A personal goal of mine before coming to Quito was to avoid getting a big ole’ tapeworm. You know those ones that people get from eating street food and by the time it gets pulled out of them it’s like, 20+ feet long? Yeah, those guys. Preconcieved judgments aside, the food here has been wayyy more than edible. I haven’t had any problems (read: have not had to touch the prescription diarrhea medicine my travel doctor gave me before coming), and the constitution of my stomach is nothing to brag about. I eat the majority of my meals at home, as that is the family culture I am part of, but I try to venture out on the weekends and take the occasional afternoon off. Breakfast during the week is always an egg, two slices of wheat toast with PB/ banana/a drizzle of honey, and a cup of coffee. I’ve gotten into the habit of drinking this pretty much every morning, as there is a notable drop in performance when I try to engage with little children uncaffeinated. The coffee here is more or less all instantaneous, which (a) is super weak, and therefore (b) sucks, which is (c) a huge crying shame, given how close we are to those delicious Colombian beans. Lunch is pretty much always proceeded by a bowl of soup, but from there…
If I can summarize the food culture down here in a two words, those words would be: white rice. Your typical lunch/ dinner will consist of some vegetable assortment and some portion of pig, heaped upon a giant mound of white rice. There is a big pot in our house that is never empty. I’m getting a little sick of all the white rice (come on, guys, can’t we at least try another color?), but we do mix it up with potatoes or a bean variety. Tons of those, too. Generally, the food culture here is very heavy on the starches and lighter on the meat, with smatterings of vegetables. But, yeah, pig is the big meat down here. You go to street markets and every other cart has a roast intact pig ready for serving. A common dish involves portions of lightly fried pig served over several different kinds of corn, with salsa (i.e., sauce, not Mexican salsa), etc. Cow and chicken/ turkey are things here, too. Fish is much, much more popular around the coast, where I am not. Empanadas are popular and tasty, but not nearly filled to the same extent as they are back at home. Cuy, or roasted guinea pig, is a local delicacy, not light on the wallet, but not on the taste buds, either. It’s not dissimilar to chicken in flavor (really, though), but the texture is much tougher, specifically the skin. I sampled this tasty dish for the first time this past weekend, and let me say that those little furry things we kept as classroom pets in grades K-6 are delicious, and they would never last until the end of the school year if this was common knowledge.

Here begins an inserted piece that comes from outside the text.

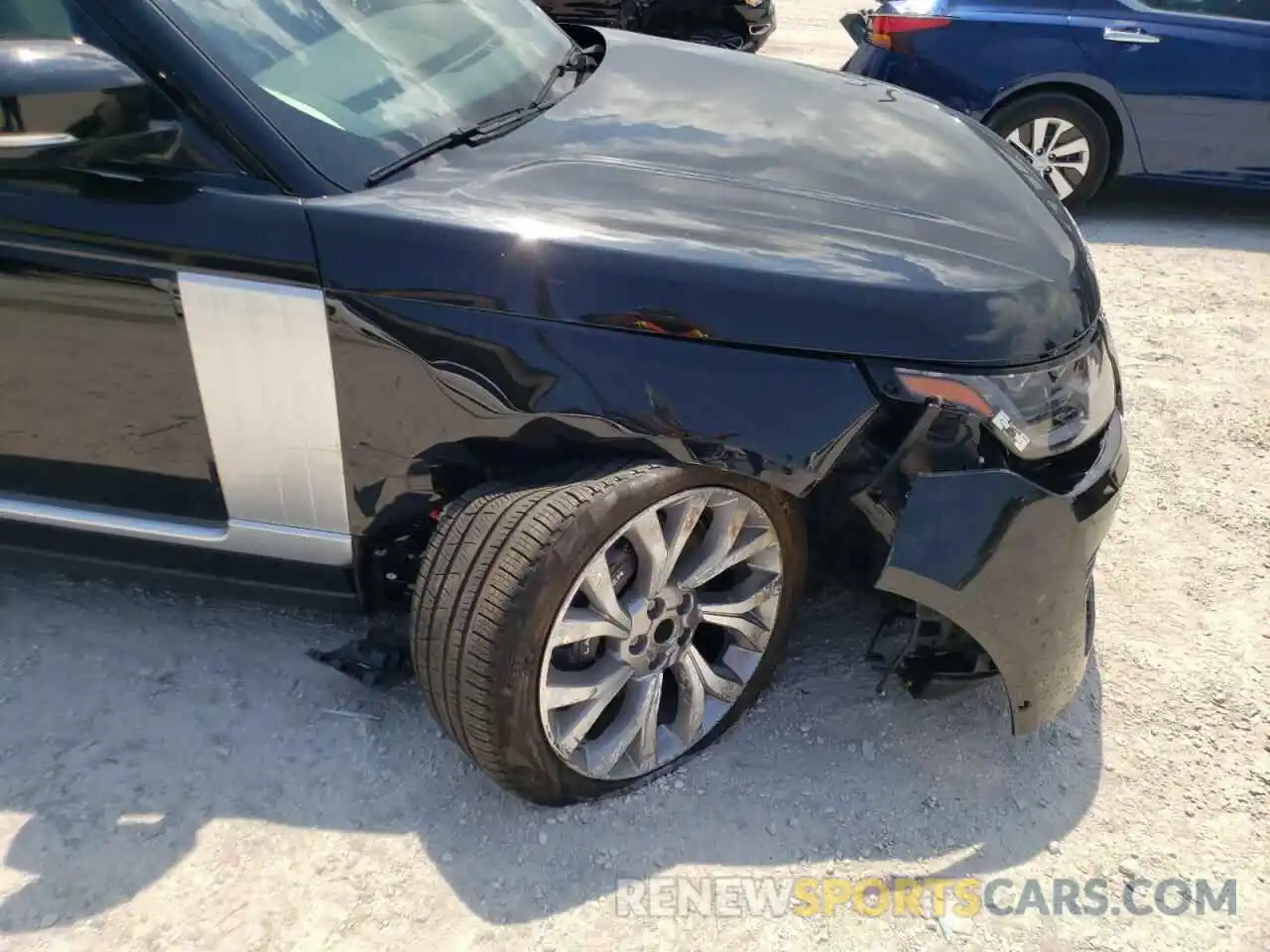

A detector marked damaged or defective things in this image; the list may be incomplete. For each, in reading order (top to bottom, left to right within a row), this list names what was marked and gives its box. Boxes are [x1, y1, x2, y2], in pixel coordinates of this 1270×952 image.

The fruits and vegetables down here are incredible. You know how when you go to a deli or something the term “fruit salad” signifies a handful of grapes, maybe a pineapple or strawberry, and a single blueberry mixed amongst a horde of tasteless melon? Yeah, I pretty much hate melons, the filler of the fruit world. But down here I tried, for real, my first, and what is this? Flavor?!? Even better is that the same is more or less true for the things that already had taste. For example: ohhhhh, the mangoes!!!!!! Everything is fresh and locally grown and it makes a world of difference. If you are an American, and you are reading this, I hope you will consider writing your local congressman/ soccer-moms-that-like-to-meet-their-girlfriends-for-lunch-after-dropping-the-kids-off-and-need-to-have-their-favorite-fruit-all-year-round-in-their-salad-goddammit, because here’s a crazy idea: fruit isn’t the same when it’s out of season. This is a topic I have gotten fairly fluent on. It is also a great way to make friends. The people down here never get tired of being told how much better the produce is down here than back in the states: “in my country, everything is artificial, but here…!” Other thing that’s cool: high fructose corn syrup isn’t a thing down here. Even sodas like Coke contain actual sugar. Yes, you can definitely taste the difference. Why, I had an apple soda just the other day, and it was delightful.
And finally: alcohol. Liquor is king here. Tequilla, rum, and vodka are the most popular, and many bars will serve, like, fishbowls of these mixed with some sweeteners and a dozen straws (for sharing). As I mentioned , anything imported is $$$, and tends to denote or suggest wealth. Wine doesn’t seem to be very popular. I haven’t seen bottles much more expensive than $10, and only seen it served at our dinner table for guests. But my greatest disappointment here is the beer. Craft brewing hasn’t caught on, so there are like two or three different kinds of beers you can drink. The king of beers down here is called Pilsner. It is drinkable, but then again so is anything after four years of college. Sure, other beers make it down here too, like when I went to a bar recently and saw a bottle of Guinness going for $14. A liter of Pilsner was ~$4. The upside of this is that I pretty much only touch alcohol one night a week. If any of you have found great satisfaction in knocking back a casual Keystone Light at the end of a hard day of work, please do share how, because I’m curious.
Speak Spanish: “In general, las frutas aqui son mucho major que en mi pais” (in general, the fruits here are much better than in my country) is a phrase that finds its way into most of my conversations.